WHAT NEEDS TO BE DONE >> Reproduce the opening lines of the listing below exactly, stopping after the line that contains "22+ Minimalist Greenery" and leaving out any pictures.

DATA BLOCK >>
◆ ◆ ◆
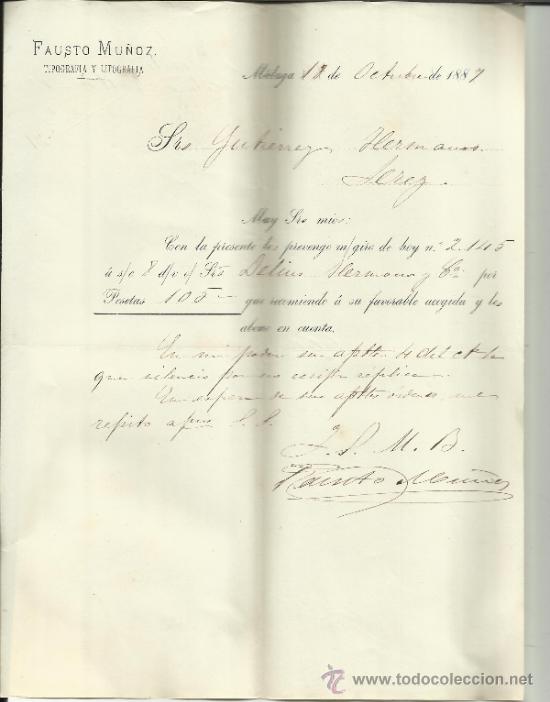 Lettere commerciali: CARTA COMERCIAL DE FAUSTO MU&Ntilde;OZ. TIPOGRAF&Iacute;A Y LITOGRAF&Iacute;A. M&Aacute;LAGA. 1887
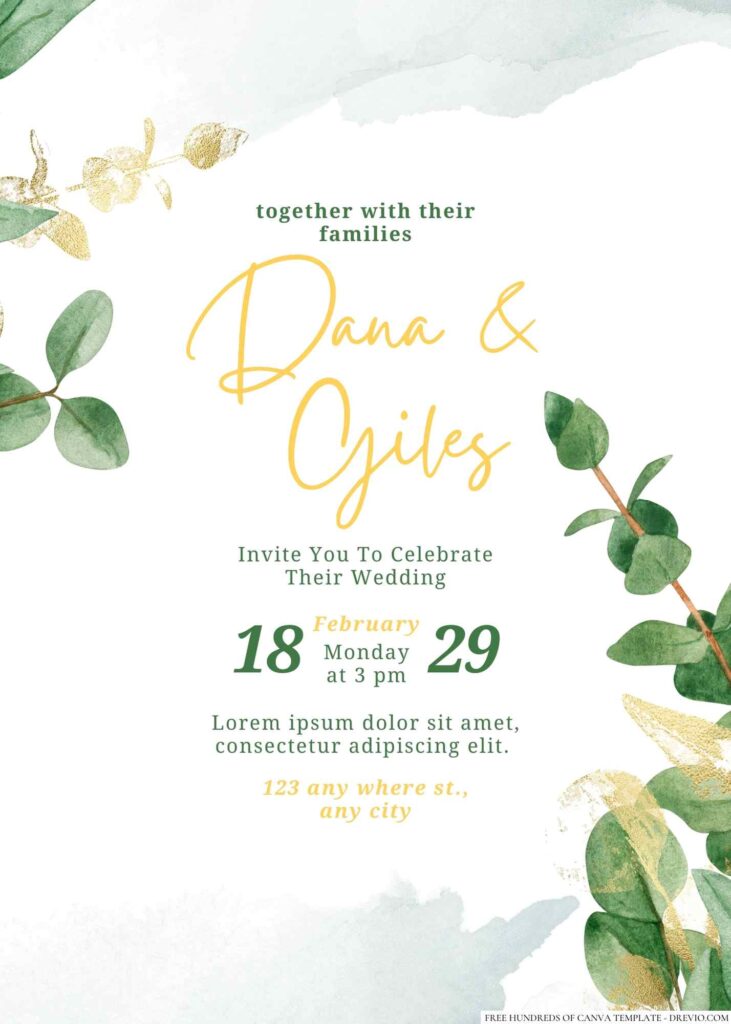 22+ Minimalist Greenery Eucalyptus Gold Glitter Canva Wedding Invitation Templates
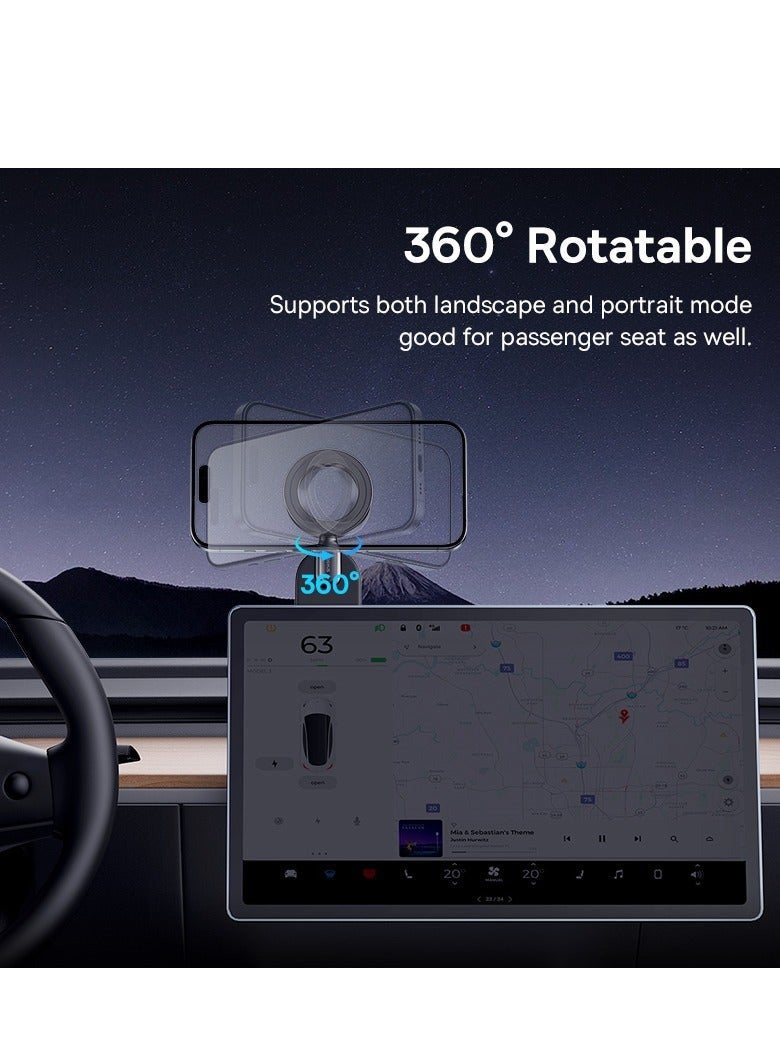 The instrument board can rotate the universal magnetic car holder of the car mobile phone holder for a week,with a vehicle rack with super magnetic magnets,compatible with iPhone compatible with 16 15 14 13 12 series,Samsung S24 S23 and other smartphones,black - Image 5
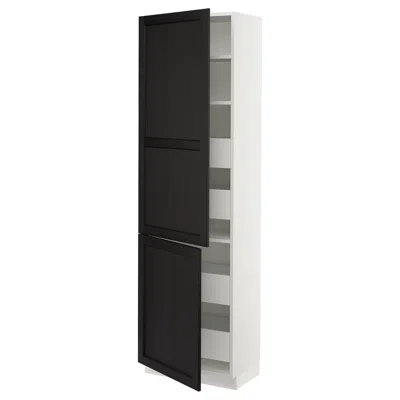 Ikea Sektion / Maximera High Cabinet With 2 Doors/shelves/4 Drawers, White/lerhyttan Black Stained, 24x15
◆ ◆ ◆
WRITTEN SOLUTION >>
 Lettere commerciali: CARTA COMERCIAL DE FAUSTO MU&Ntilde;OZ. TIPOGRAF&Iacute;A Y LITOGRAF&Iacute;A. M&Aacute;LAGA. 1887
 22+ Minimalist Greenery Eucalyptus Gold Glitter Canva Wedding Invitation Templates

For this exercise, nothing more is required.